Meucci was a Florentine who emigrated first to Cuba and then to the United States, settling in New York. According to Catania, Meucci discovered technologies essential to telephonic communication. His circuit diagrams demonstrating his 1870 discoveries are available in the National Archives.

But Meucci was unable to pay the $10 patent fee for his invention and lost the patent to Bell. Meucci continued to develop and eventually produce telephones. Meucci and the Globe Telephone Company were charged with patent infringement.

To make its case, Catania said, the government had to prove that Meucci — not Bell — was the inventor of the telephone.

But case went on until 1889, when Meucci died, and the question of who invented the telephone was left unanswered. Catania began his study of Meucci in 1988.

"He himself is an electrical engineer, and it was a kind of interest. After his retirement he had time to investigate, but in the beginning it was a more professional interest," Albertini said. Catania is a retired electrical engineer and researcher in the fields of radio links, millimeter waveguides and optical fibers.

The former professor at the Polytechnics of Milan and Turin is the author of Antonio Meucci — L'inventore e il suo tempo, and has completed two volumes of what is proposed to be a four-volume study of the life and work of Meucci.



Below is the complete text of the ruling in the Antonio Meucci case

From 31 Federal Reporter 728-735

American Bell Telephone Co. v. Globe Telephone Co. and others

Circuit Court, S. D. New York. July 19, 1887

1. PATENTS FOR INVENTIONS—INFRINGEMENT—ACTS WARRANTING INJUNCTION—BELL TELEPHONE.

Letters patent No. 174,465 were granted March 7, 1876, to Alexander Graham Bell, for certain improvements in telegraphy, the fifth claim of which, relating to the transmission of speech by electricity, became entitled, by judicial construction, to abroad interpretation in favor of the inventor. Prior to 1885 the Globe Telephone Company was incorporated under the laws of New York, the object of its formation being to manufacture, sell, license, and lease telegraphic, telephonic, and electric instruments, and supplies therefor, and to acquire and dispose of patents, patent‑rights, and inventions relating thereto. The company acquired certain patents, which were shown to be infringements upon the Bell patent, and put up in their office sample instruments of an infringing character. They also, by advertisements, invited the public to purchase their instruments, and become licensees of their patents and claims. No instruments, however, were ever actually made or used, except experimentally, and none were ever sold. Held, that the acts of the company were sufficient to warrant a decree restraining infringement.

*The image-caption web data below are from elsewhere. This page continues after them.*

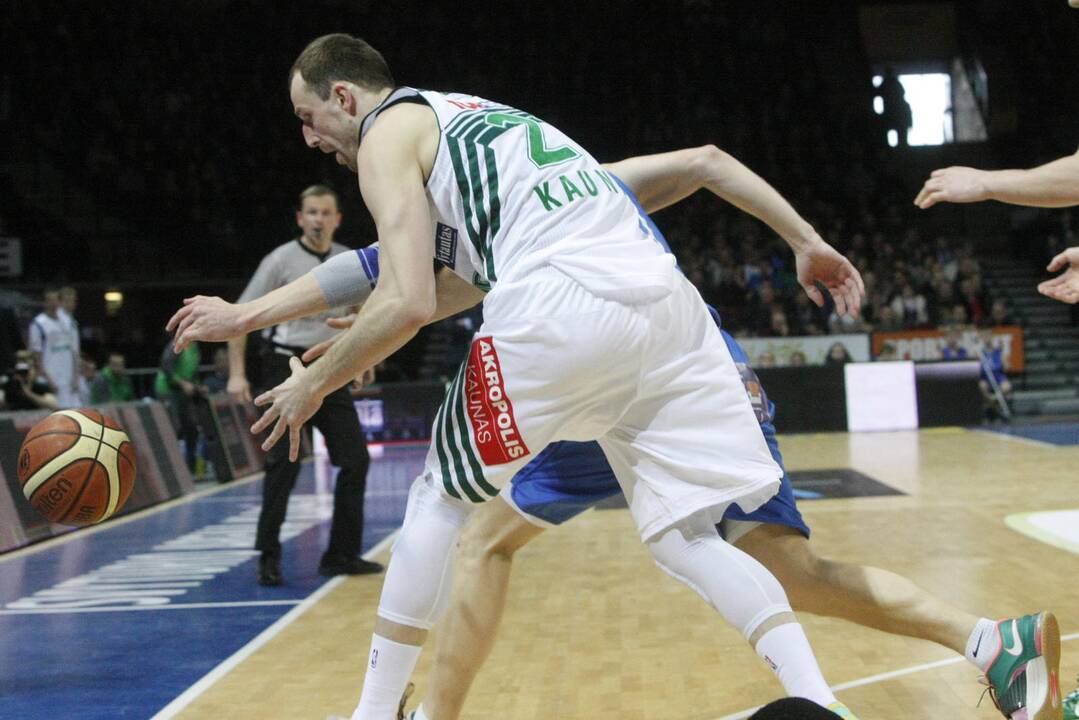 LKL rungtynės „Neptūnas” - „Žalgiris”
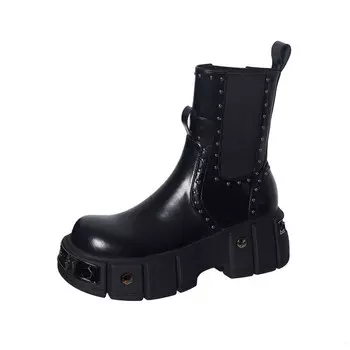 Ботинки Челси женские Su Yanjiao, черный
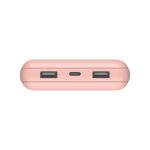 Imagen de la batería portátil Belkin BPB012btRG de 20000 mAh en color oro rosa, SKU: BPB012BTRG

2. SAME—INVENTION OF MEUCCI—PRIORITY

The experiments and invention of one Antonio Meucci, relating to the transmission of speech by an electrical apparatus, for which invention a caveat was filed in the United States patent‑office, December 28,1871, renewed in December, 1882, and again in December, 1883, do not contain any such elements of an electric speaking telephone as would give the same priority over or interfere with the said Bell patent.

E. N. Dickerson and J. J. Storrow, for complainant. D. Humphries and S. R. Beckwith, for defendants.

WALLACE, J. The complainant has filed this bill to restrain infringement of the patent granted by the United States to Alexander Graham Bell, dated March 7, 1876, No. 174,465, for improvements in telegraphy. Infringement is also alleged of the United States patent to Bell, No. 186,787, dated January 30, 1877, for improvements in electric telephony, but the proofs have not been addressed to the question of the infringement of this patent, and it is practically out of the case. The fifth claim of the first patent has been judicially construed in two cases by the circuit court for the district of Massachusetts, and in both of these cases it was substantially held that Bell was the discoverer of the new art of transmitting speech by electricity, and that the claim should receive the broadest interpretation to secure to the inventor, not the abstract right of sending sounds by telegraph without regard to means, but all means and processes described which are essential to the application of the principle. American Bell Telephone Co. v. Dolbear, 15 Fed. Rep. 448; Same v. Spencer, 8 Fed. Rep. 509. This court, in American Bell Telephone Co. v. Molecular Telephone Co., followed the construction thus placed upon the claim. 23 Blatchf. 253, 32 Fed. Rep. 214.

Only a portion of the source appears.